Business activity in the U.K.'s service sector grew to its highest level seen since before the financial crash of 2008, according to a new report released on Tuesday.
The report by the Confederation of British Industry backs up official data from the Office for National Statistics on Friday which showed that the sector was just 0.2 percent below its peak level in the first quarter of 2008, demonstrating that almost all of the lost output in services during 2008 and 2009 has now been recovered.
"We've seen a further buildup of momentum in the service sector this quarter, with business and professional services firms in particular seeing a turnaround in their fortunes," Stephen Gifford, CBI's director of economics said in a press release.
"Confidence has risen strongly across the board, and the outlook is positive in the short-term."
(Read more: Services sector helps double UK's growth rate)
Despite George Osborne, the U.K.'s finance minister calling for a "march of the makers" back in 2011 to lead the country out of recession, the services sector that has dominated growth figures, with manufacturing continuing to lag behind. It is the only sector that has grown steadily since the 2008-09 recession ended, while U.K. construction and production have trended downwards.
On Friday a revision of gross domestic product (GDP) data showed that the U.K. economy grew by 0.7 percent in the second quarter of 2013, up from a previous estimate of 0.6 percent. Analysts were quick to point out that the U.K. is staging a "mini-recovery", with these latest figures continuing to show that the U.K. service sector - a goliath of the U.K. economy since the 1980s - has been driving the country out of recession since 2008.

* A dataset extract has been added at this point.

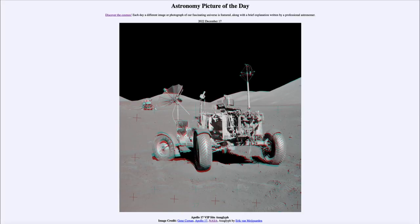Greetings and welcome to the introduction to astronomy. One of the things that I like to do in each of my introductory astronomy classes is to begin the class with the Astronomy Picture of the Day from the NASA website — that is apod.nasa.gov/apod — and today's picture for December 17th of 2022 is titled Apollo 17 VIP Site Anaglyph.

The CBI's report - which surveys 161 companies - is divided into two categories, with the business and professional services sector given a separate index to consumer services, which includes hotels, bars, restaurants and the travel and leisure industries.

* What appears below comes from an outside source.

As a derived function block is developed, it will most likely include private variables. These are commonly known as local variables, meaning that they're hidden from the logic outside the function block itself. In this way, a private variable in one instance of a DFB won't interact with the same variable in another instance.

The business and professional services sector saw business volumes rise at their fastest pace since November 2007, with profitability recording its strongest growth since February 2008. It also noted that optimism about future business reached a 15-year high – rising at the fastest rate since the survey began in November 1998.

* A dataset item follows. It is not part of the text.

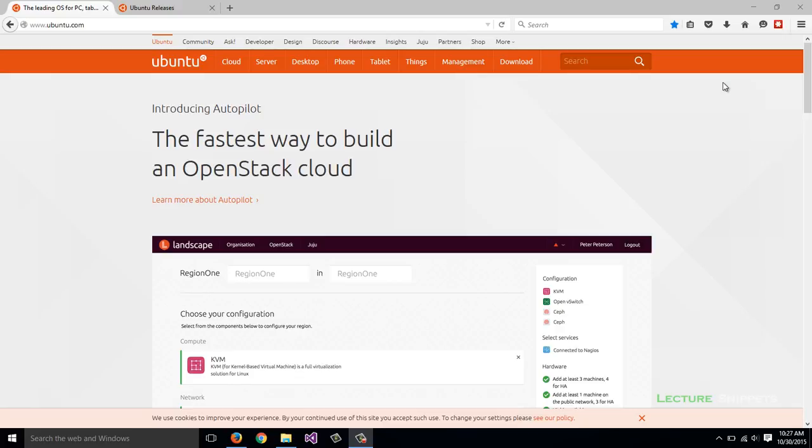I'm on Ubuntu.com looking to download the server version of Ubuntu to use with the rest of the lessons for this course on Lecture Snippets.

Consumer services saw business volumes rise at their fastest pace since August 2007, but profitability fell unexpectedly, recording its largest decline since February 2012 as price growth failed to materialize.
"Consumer services firms are a bit more worried about the longer-term, and have scaled back their investment and expansion plans," Gifford said.
"Conditions remain tricky as households grapple with the prolonged squeeze on real incomes and business confidence remains vulnerable to any adverse developments in the global economy. But, all being well, business should continue to pick up through this year and into next."